Hotline Miami summarizes all that carnage and more and, for the first time, placed me in the shoes of all of those cinematic psychopaths to the point where my perception of violence was altered. Make no mistake, this game is all about doing horrible, vicious, savage things to little 16-bit characters. Each level presents you with a location (some akin to the cinematic locales I just described, including a hotel, nightclub and police station), perhaps a dozen or more cronies, and a mask. What happens after that are some of the most intense action scenes I’ve ever taken part in.

I could describe the flow of the combat, the mechanics of it all, but others have already done that quite admirably. I’d just like to add to the conversation my perception of the cinematic flavor of the whole experience. I’ve heard whispers the developer, headed by Jonatan “Cactus” Soderstrom, took particular note of Drive when making the game, both stylistically and (based on that motel room scene…you know the one)  I’m guessing some of the gameplay particulars as well. But so many other films have also been evoked during my time with the game. Every cinematic showdown I’ve seen that takes into account the fragility of the hero crept into my mind as I was setting about my dark tasks. Remember that hallway fight in Kick Ass? That drug deal gone bad in Boogie Nights? The motel fight in L.A. Confidential? That deleted scene from Cronenberg’s A History of Violence where Ed Harris’ bloody corpse spoke? (too specific?)  Again, the list goes on and on.

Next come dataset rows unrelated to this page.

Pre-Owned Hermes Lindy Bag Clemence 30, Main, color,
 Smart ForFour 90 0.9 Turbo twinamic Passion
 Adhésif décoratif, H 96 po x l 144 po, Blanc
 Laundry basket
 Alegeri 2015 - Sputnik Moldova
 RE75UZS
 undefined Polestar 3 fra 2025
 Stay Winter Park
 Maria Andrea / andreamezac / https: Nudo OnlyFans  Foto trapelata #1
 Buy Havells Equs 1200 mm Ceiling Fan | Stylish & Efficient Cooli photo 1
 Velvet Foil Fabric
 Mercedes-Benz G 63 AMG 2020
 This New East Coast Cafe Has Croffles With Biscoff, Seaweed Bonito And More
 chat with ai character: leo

For those less versed in cinema, comparisons are perhaps more difficult. Its like Smash-TV if it were a stealth-game? Manhunt if it were distilled to the core elements of that game that were most disturbing? GTA Vice City with all the fat trimmed? Killer7 if you played as the villain and the gameplay was enjoyable? None of those quite sum up what works about this game. It is both like and unlike a lot of things, and that blending of all the pop-cultural savagery that came before it is what makes it uniquely disgusting and brilliant at the same time.

Perhaps better than all those films and games I’ve described thus far, the game successfully puts you in the role of a character akin to American Psycho’s Patrick Bateman long enough to get a taste for the macabre that both compels and sickens him by that film’s conclusion. I suppose that is the most astute cinematic comparison, the one that best captures how this game made me feel by the end of it. You feel disgusting but satisfied. You don’t want to stop killing because its fun, and that is meant to be an odd, unsettling thought. Games have gotten into the habit of telling you to kill people in awful ways without ever stopping to let you think about how weird that is. This game pushes you past the point many may want to go. It says “kill, kill, kill, it’s fun, right?” so directly it comes across as more honest and sinister as a result of it. I could keep making comparisons and gushing over the game forever, but I’d suggest just checking it out for yourself. There is a good reason a growing contingent of the internet is making a fuss about this game. Personally speaking, I’m pretty comfortable calling it my Game of the Year right here, right now. It’s that good, it’s ten dollars, what are you waiting for?